- INFORMATION

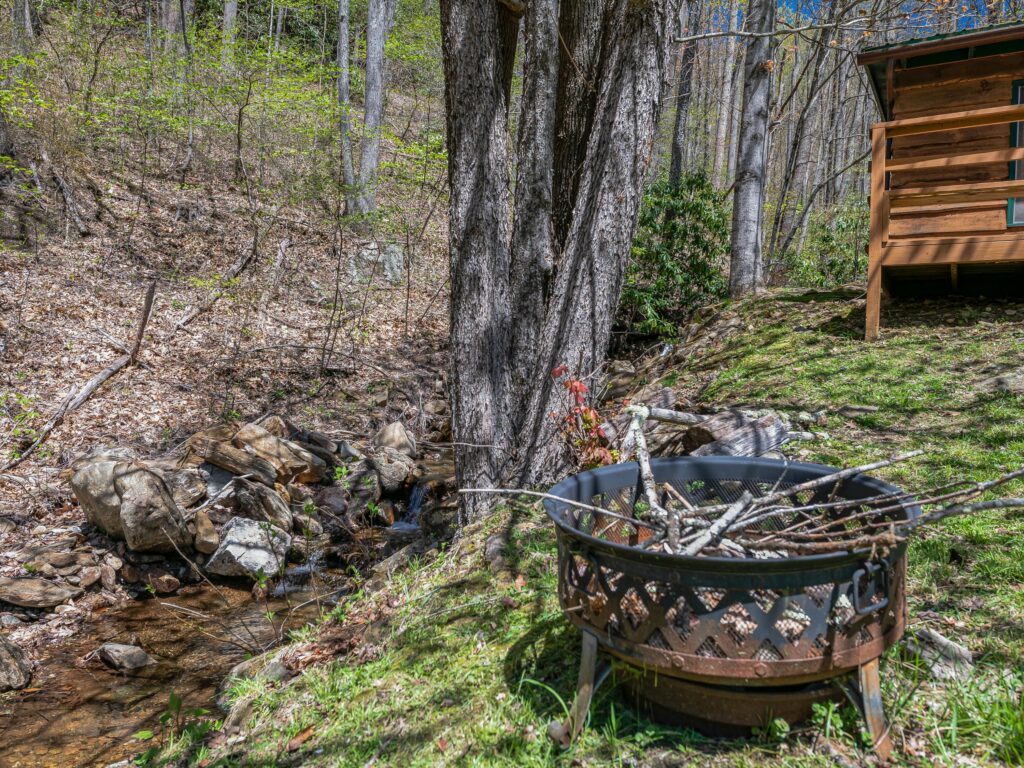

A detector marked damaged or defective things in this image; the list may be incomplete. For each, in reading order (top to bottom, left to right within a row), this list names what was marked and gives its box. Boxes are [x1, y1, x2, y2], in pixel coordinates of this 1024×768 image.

rusty metal rim [540, 456, 925, 577]
rusty metal rim [573, 610, 909, 688]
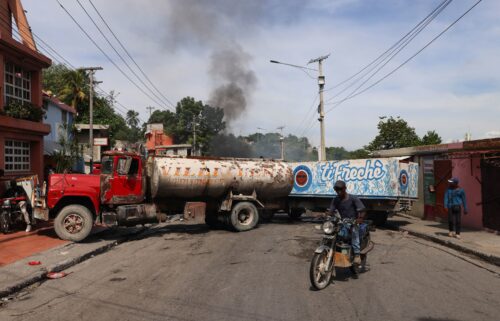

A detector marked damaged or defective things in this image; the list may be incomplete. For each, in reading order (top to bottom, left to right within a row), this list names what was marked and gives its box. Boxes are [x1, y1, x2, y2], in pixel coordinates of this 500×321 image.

burnt truck [34, 151, 292, 241]
rusty metal barrel [148, 156, 292, 199]
burnt truck [288, 158, 420, 225]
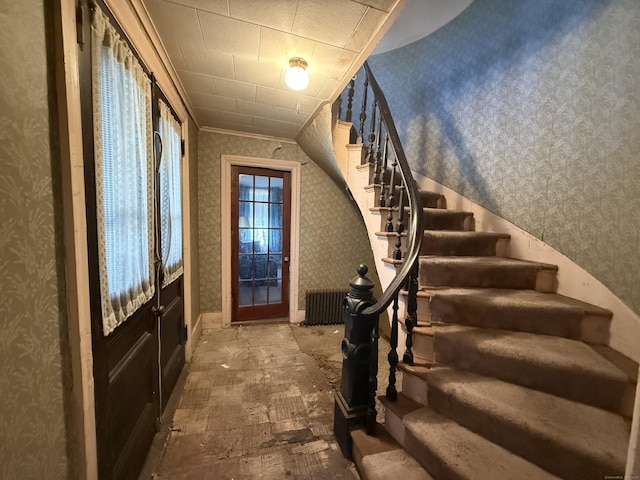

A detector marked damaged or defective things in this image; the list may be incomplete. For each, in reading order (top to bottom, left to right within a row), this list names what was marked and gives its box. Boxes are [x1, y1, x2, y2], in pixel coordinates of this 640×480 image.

damaged subfloor [142, 318, 398, 480]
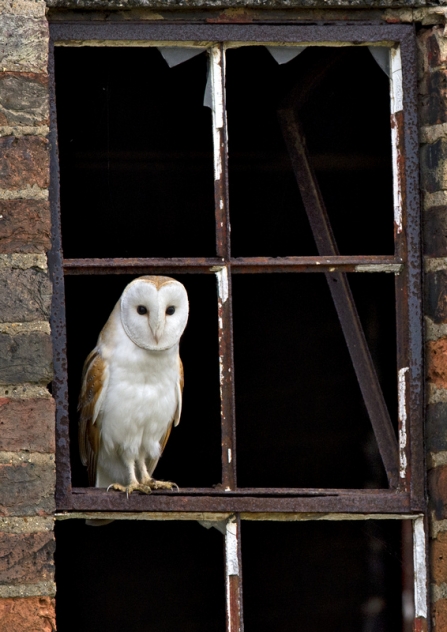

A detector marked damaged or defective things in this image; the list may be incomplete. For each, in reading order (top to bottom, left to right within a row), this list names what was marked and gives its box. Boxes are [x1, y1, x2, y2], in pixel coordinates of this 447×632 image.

rusted metal sill [61, 256, 400, 276]
rusted metal sill [60, 488, 416, 512]
peeling white paint [412, 520, 430, 616]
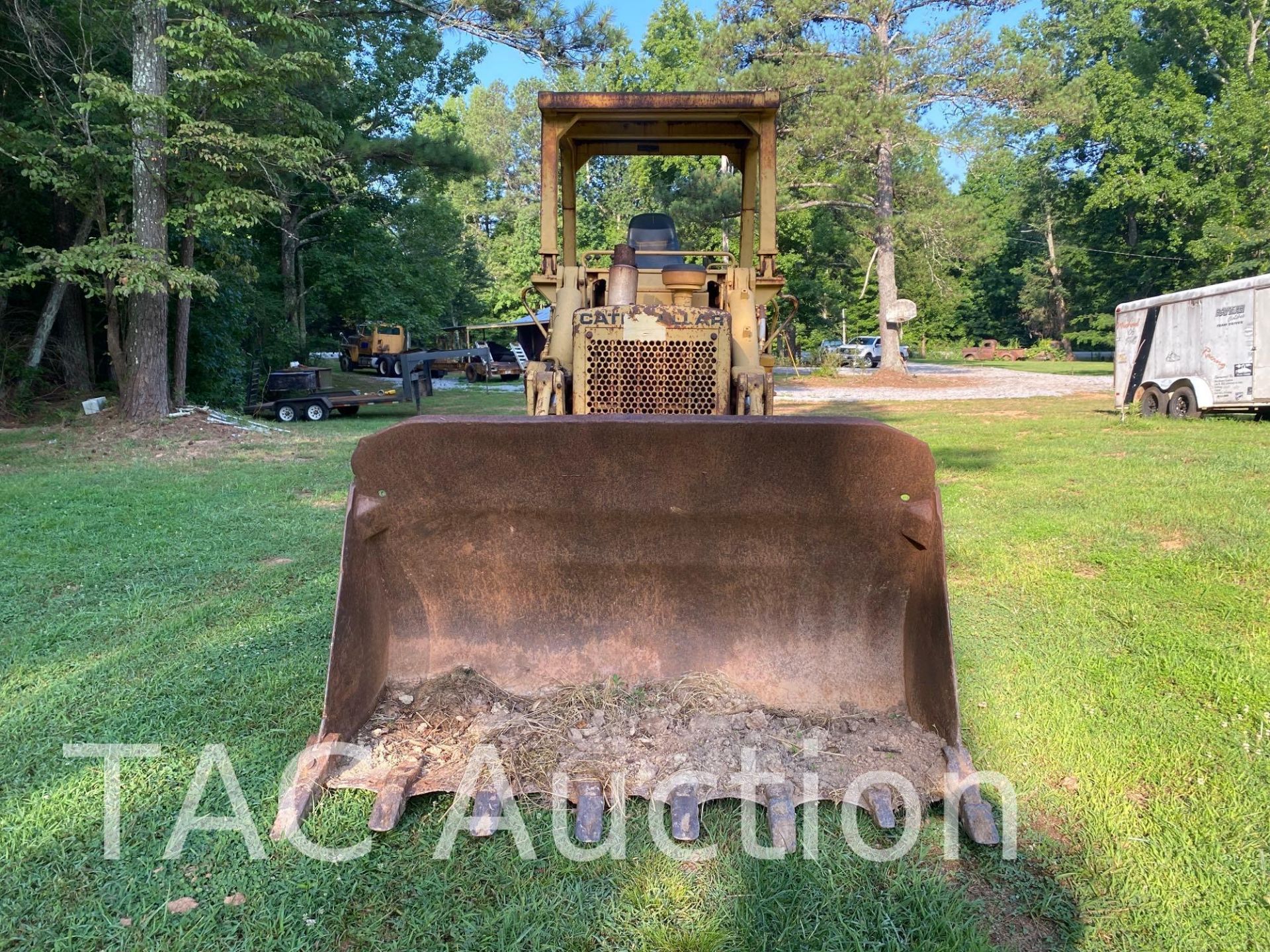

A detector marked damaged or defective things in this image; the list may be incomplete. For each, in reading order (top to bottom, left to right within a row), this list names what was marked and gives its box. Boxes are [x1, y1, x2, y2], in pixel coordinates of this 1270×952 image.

rusty loader bucket [273, 418, 995, 846]
rusted metal bucket [273, 418, 995, 846]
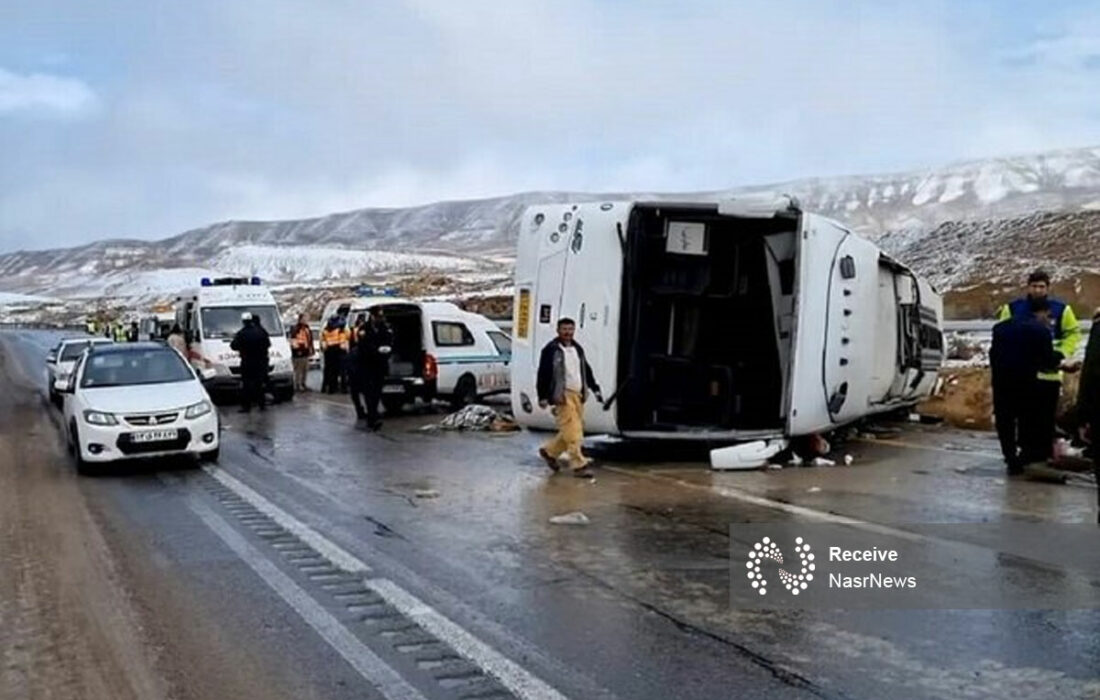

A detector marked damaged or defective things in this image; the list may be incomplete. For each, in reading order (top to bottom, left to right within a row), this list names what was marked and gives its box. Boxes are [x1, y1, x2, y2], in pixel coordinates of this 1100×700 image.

overturned white bus [508, 193, 946, 440]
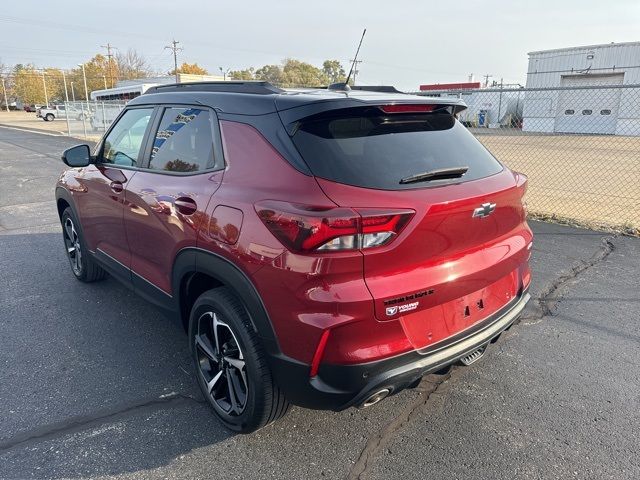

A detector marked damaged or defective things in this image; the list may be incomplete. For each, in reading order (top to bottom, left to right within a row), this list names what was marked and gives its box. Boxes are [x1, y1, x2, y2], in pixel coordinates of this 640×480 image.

cracked asphalt [1, 125, 640, 478]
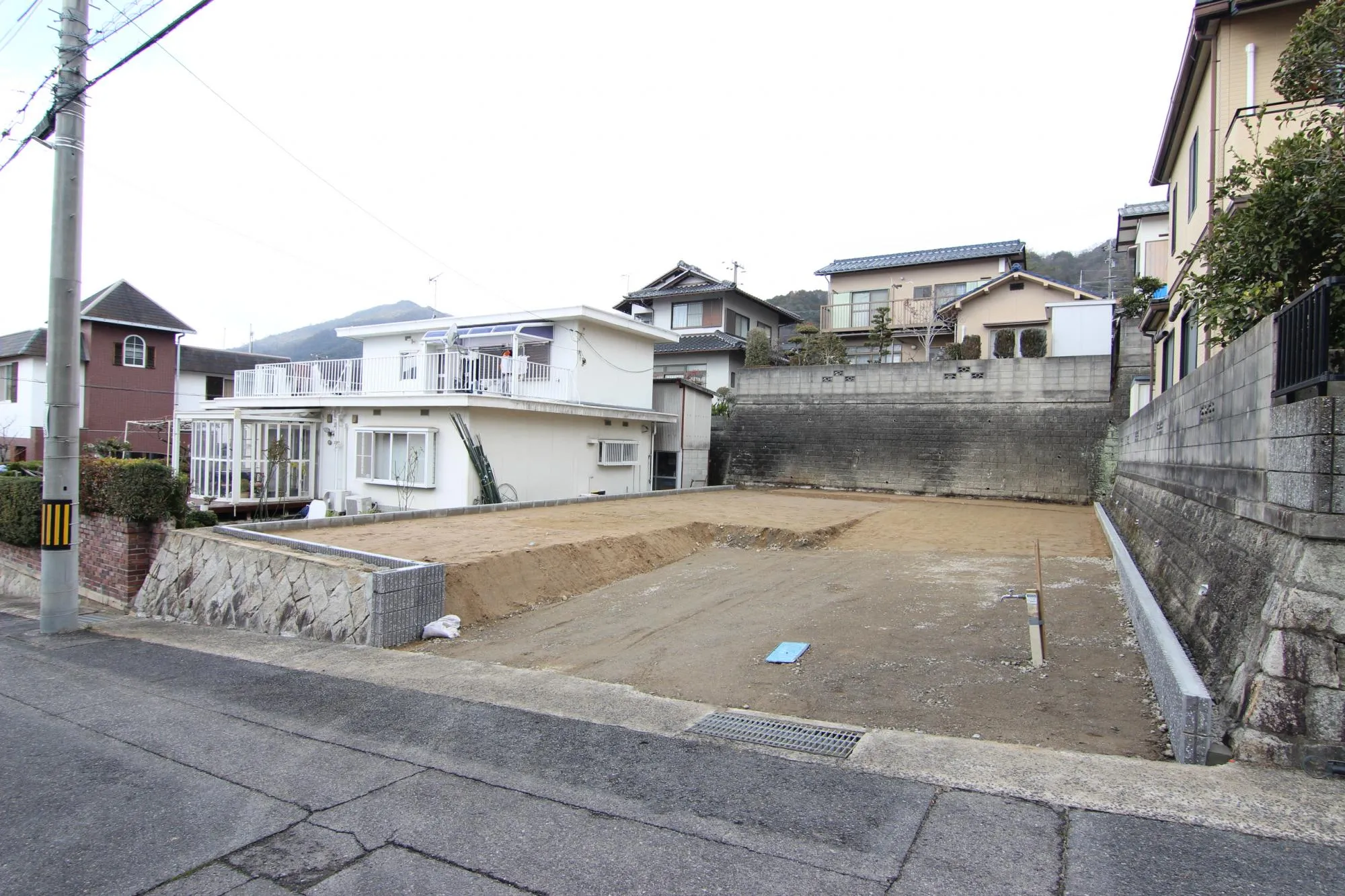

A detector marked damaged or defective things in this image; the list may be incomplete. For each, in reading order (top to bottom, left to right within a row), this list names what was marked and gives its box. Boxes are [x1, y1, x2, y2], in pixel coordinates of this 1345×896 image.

cracked asphalt pavement [2, 613, 1345, 893]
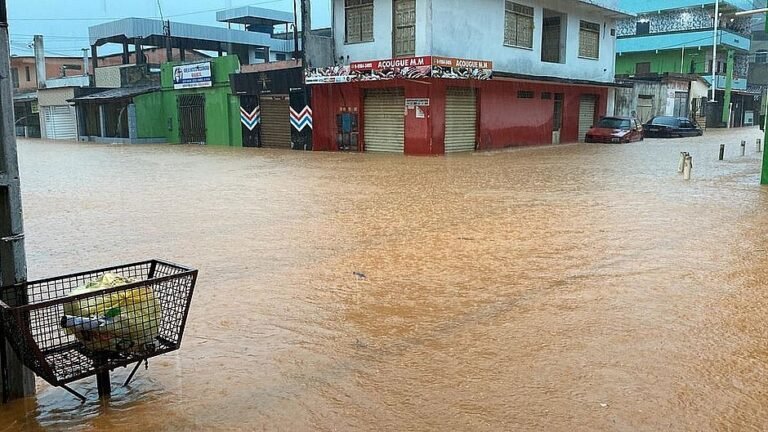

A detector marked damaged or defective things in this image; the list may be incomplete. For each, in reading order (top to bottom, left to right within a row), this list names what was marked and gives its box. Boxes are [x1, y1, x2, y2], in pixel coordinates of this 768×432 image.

rusty shopping cart [0, 258, 198, 400]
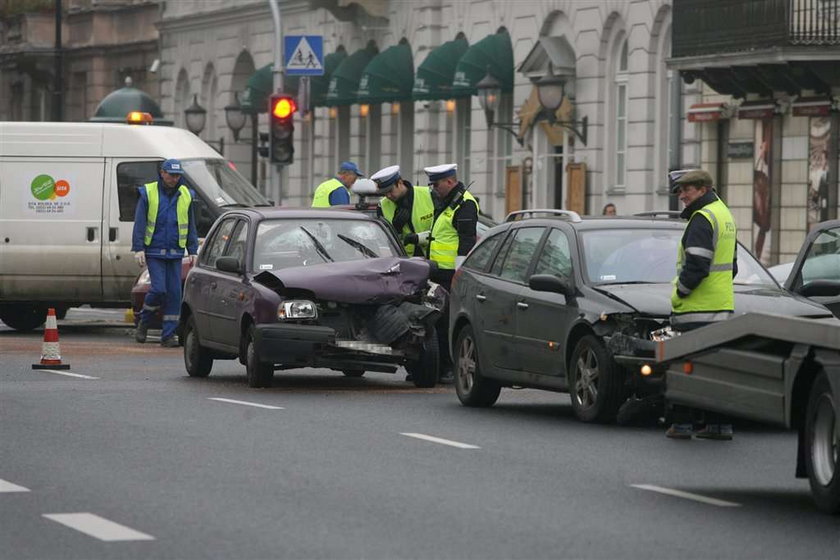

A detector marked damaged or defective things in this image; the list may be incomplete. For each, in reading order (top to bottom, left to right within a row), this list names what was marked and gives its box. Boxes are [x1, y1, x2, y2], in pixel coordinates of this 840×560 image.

smashed headlight [278, 300, 316, 322]
damaged maroon car [176, 208, 440, 388]
damaged grey station wagon [180, 208, 446, 388]
crumpled car hood [256, 258, 430, 304]
crumpled car hood [592, 282, 832, 318]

- PROBLEM
Quote every record above exactly, omitting any pictures they contain.

- YOUR RESPONSE
A detector marked damaged or defective things in this image; the list may be incomplete. For each, in reading order (top to bottom, left to right within a row), this list names what was marked and gives its box. Boxes are [x1, y1, x2, y2], in pixel coordinates of this 1024×768 image.

rusty metal rim [540, 456, 925, 577]
rusty metal rim [573, 610, 909, 688]

A detector marked damaged or defective things in this image; the list may be incomplete. For each, in reading order (top to bottom, left to right within a row), this list names what was marked and gives its box. Boxes are [x1, y1, x2, y2], in pixel coordinates of this 500×321 image.

burnt truck [34, 151, 292, 241]
rusty metal barrel [148, 156, 292, 199]
burnt truck [288, 158, 420, 225]

A detector marked damaged or defective things in this image; the list may be incomplete. For each, in reading order (top to bottom, left to right within a row), this list names what was marked and gives its box. Boxes are [x1, y1, x2, y2], in pixel coordinates of this 640×480 image.

damaged subfloor [142, 318, 398, 480]

A detector marked damaged or defective things in this image; the list may be incomplete. For each, in reading order (top to bottom, left to right within a row), this list names what was marked and gives its box. Boxes are [x1, y1, x2, y2], in pixel coordinates of this 447×632 image.

rusted metal sill [61, 256, 400, 276]
rusted metal sill [60, 488, 416, 512]
peeling white paint [412, 520, 430, 616]

A detector marked damaged or defective things in this image; the list may be incomplete. For each, in reading order (top to bottom, left to right within a row), this list names what was marked and gives its box. Boxes are [x1, y1, x2, y2], in pixel coordinates of this 1270×952 image.

rusty loader bucket [273, 418, 995, 846]
rusted metal bucket [273, 418, 995, 846]

A detector marked damaged or defective things in this image; the list may be incomplete. For each, in reading order (top to bottom, left to right within a row), this list names what was marked and gives its box. Boxes are [x1, y1, x2, y2], in pixel coordinates of this 1100×700 image.

overturned white bus [508, 193, 946, 440]

A detector marked damaged or defective things in this image; the list may be incomplete. For each, in reading order (top to bottom, left to right within a row), this list names what was marked and gives its box. Boxes are [x1, y1, x2, y2], in pixel coordinates of this 640×480 image.

cracked asphalt [1, 125, 640, 478]

A detector marked damaged or defective things in this image; the list may be incomplete. For each, in reading order (top to bottom, left to right within a row), this list names what was marked and gives its box. Boxes are [x1, y1, x2, y2], in pixel coordinates of this 1345×896 image.

cracked asphalt pavement [2, 613, 1345, 893]

A detector marked damaged or defective things in this image; the list may be incomplete. For each, in reading order (top to bottom, left to right within a row), this list names what was marked and gives its box. Boxes are [x1, y1, x2, y2], in pixel coordinates of this 768×432 image.

rusty shopping cart [0, 258, 198, 400]

A detector marked damaged or defective things in this image; the list may be incomplete. For each, in reading order (top to bottom, left to right within a row), this list names what was marked and gives its box. Boxes are [x1, y1, x2, y2], in pixel coordinates of this 840×560 image.

smashed headlight [278, 300, 316, 322]
damaged maroon car [176, 208, 440, 388]
damaged grey station wagon [180, 208, 446, 388]
crumpled car hood [256, 258, 430, 304]
crumpled car hood [592, 282, 832, 318]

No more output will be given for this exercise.